Ported over from the previous release, we get a trailer for the film, along with an interview featuring George Lucas discussing the influence of Kurosawa on his own work. New to this release is a selection from Akira Kurosawa: It's Wonderful to Create that runs 41 minutes, including a discussion of Kurosawa's debt to John Ford. Also new is a commentary by scholar Stephen Prince, author of The Warrior's Camera: The Cinema of Akira Kurosawa. While he might be a bit dry for some, he's obviously very familiar with Kurosawa's work and carefully explains a lot of the background of the film. A DVD copy of the film is also included (which mirrors the supplements as well), and the usual Criterion booklet includes an essay by Catherine Russell.
The Rebuttal Witnesses
The Hidden Fortress must be taken on its own merits. Those expecting the social commentary of Rashomon, the epic samurai battles of Seven Samurai, or the tense drama of Kurosawa's crime thrillers will be disappointed. The Hidden Fortress is a beast in its own category, part fairy tale, part samurai film, with drama and comedy sprinkled liberally throughout. That mix might not be to everyone's taste, especially for 139 minutes.
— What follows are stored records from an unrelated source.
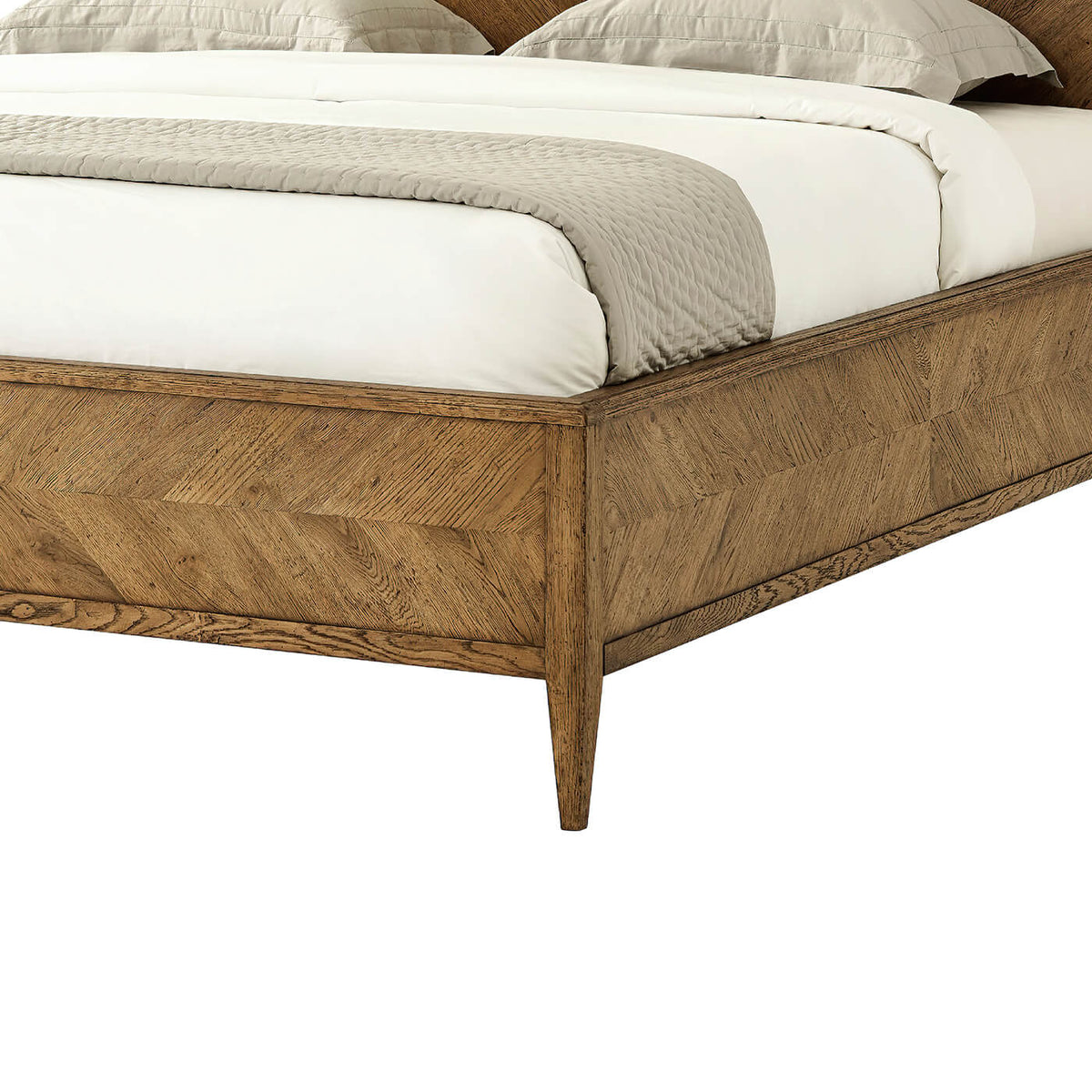 Modern Rustic Oak California King Bed - English Georgian America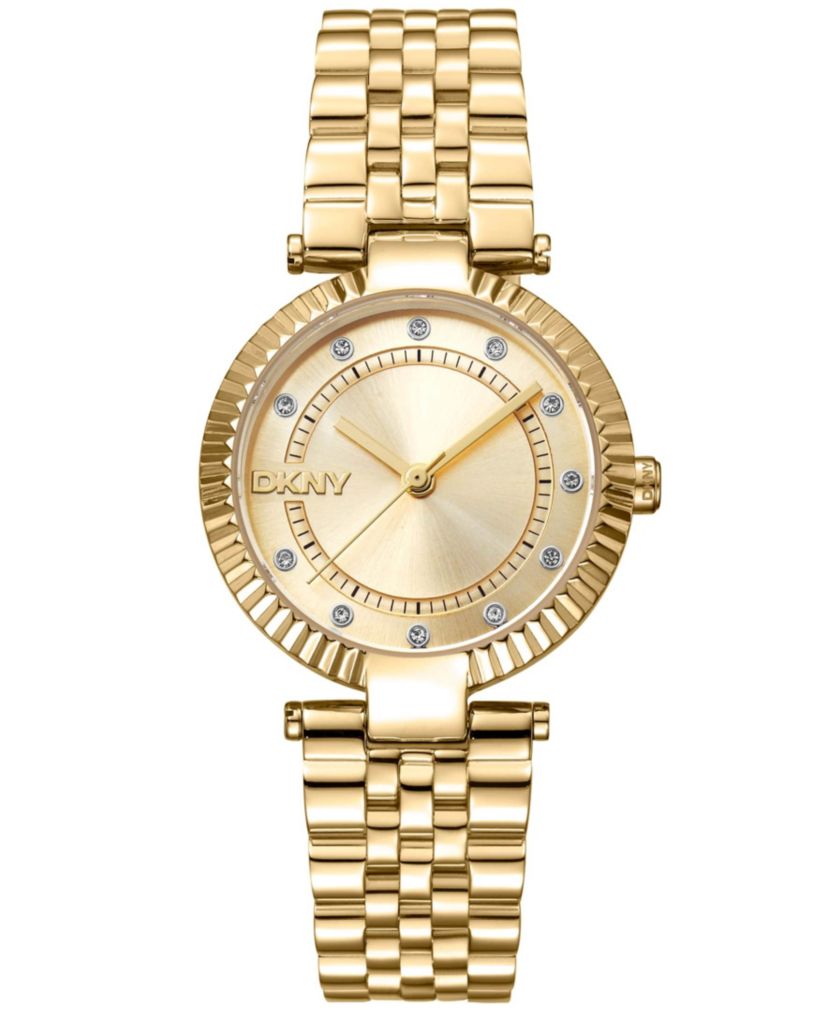 Womens Essential Glitz Champagne Dial Gold-Tone Stainless Steel Bracelet Watch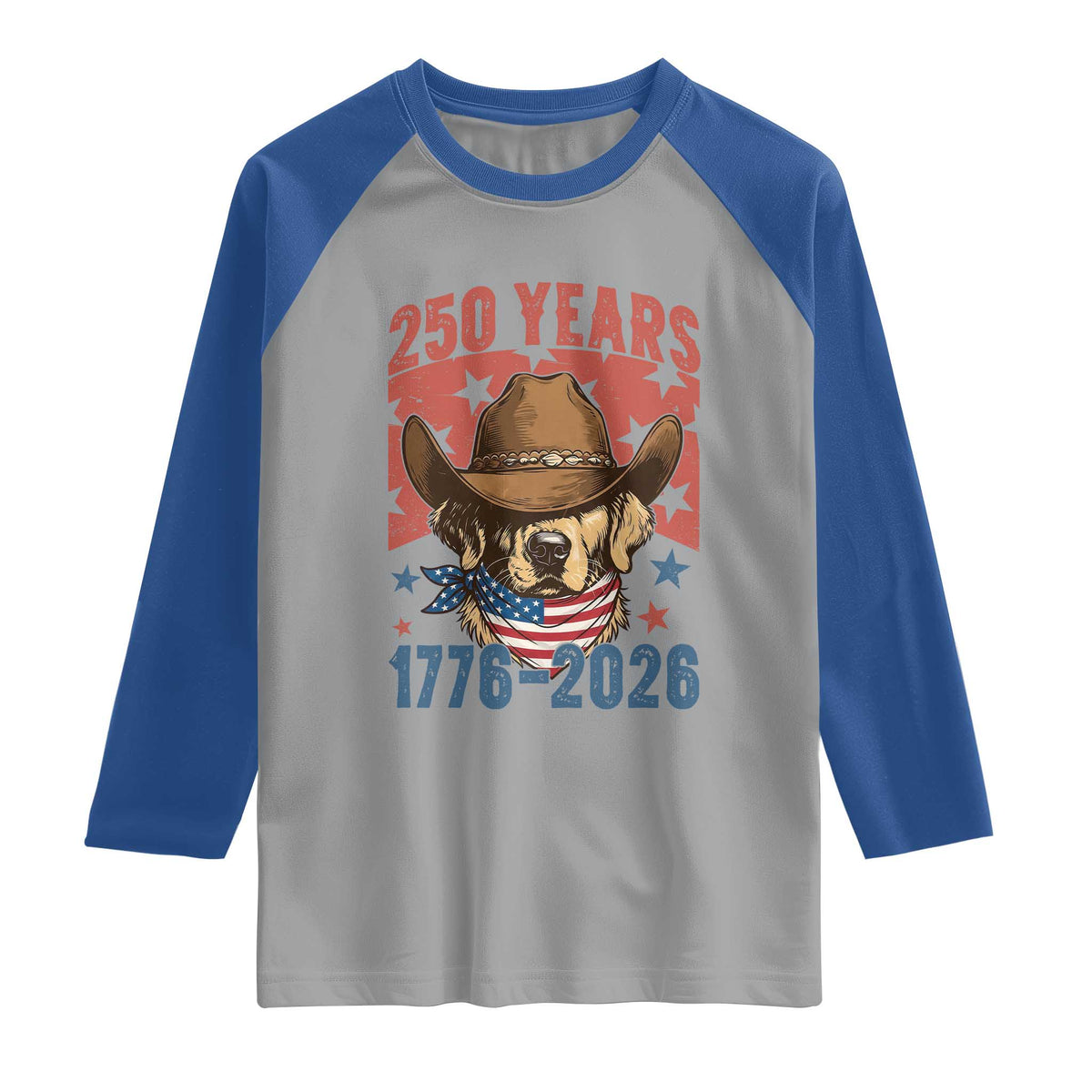 250th America Anniversary Raglan Shirt Western Golden Retriever 4th of July TS14 Sport Gray Royal Print Your Wear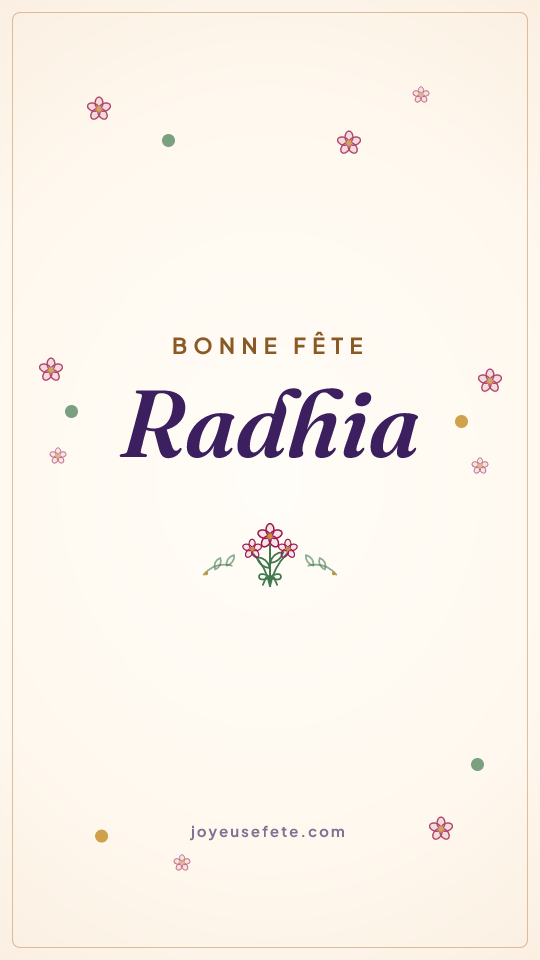 Image « Bonne fête Radhia » au format story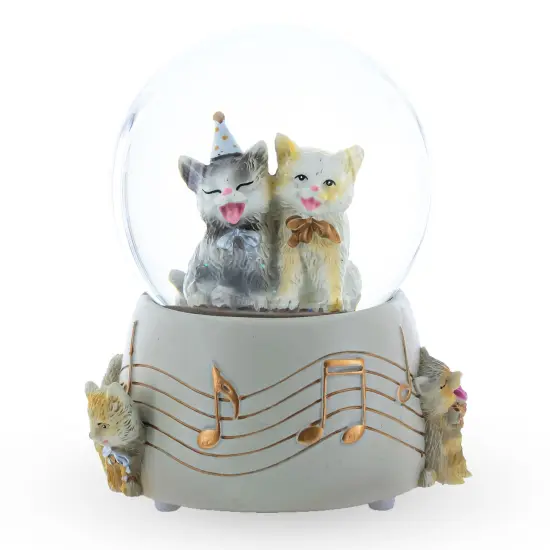 Cats Party Musical Water Snow Globe {1}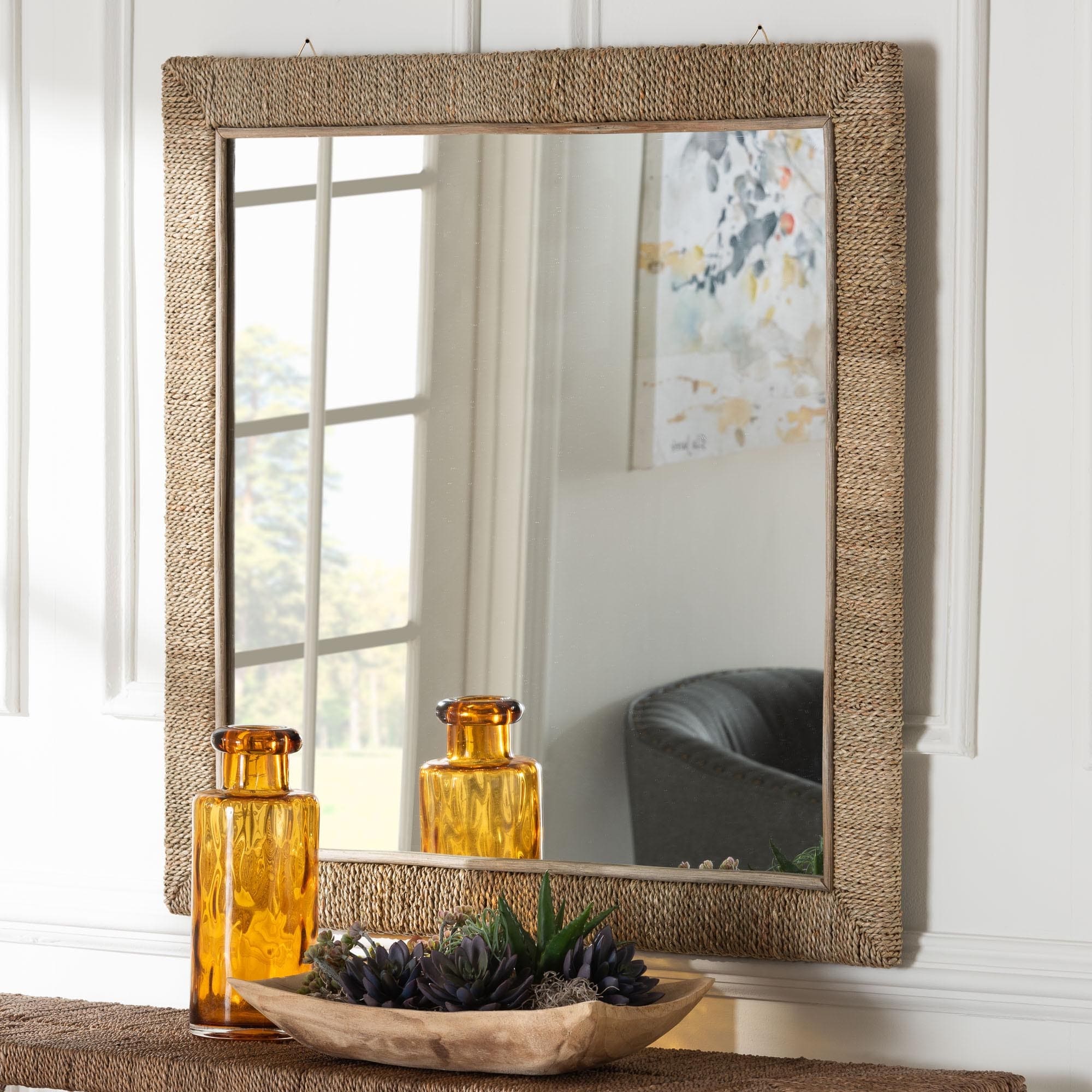 Geralyn Japandi Natural Seagrass Wall Mirror - Bed Bath & Beyond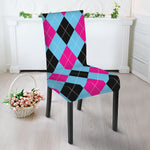 Blue Pink And Black Argyle Pattern Print Dining Chair Slipcover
The Hidden Fortress is not Akira Kurosawa's best film, but it is a great mix of the things he does best. Those who enjoy the film will definitely want to upgrade to this Blu-ray/DVD combo to get the improved picture and sound, along with the new extras. For those unfamiliar, Criterion's Blu-ray is the perfect way to see one of the more influential films of the twentieth century.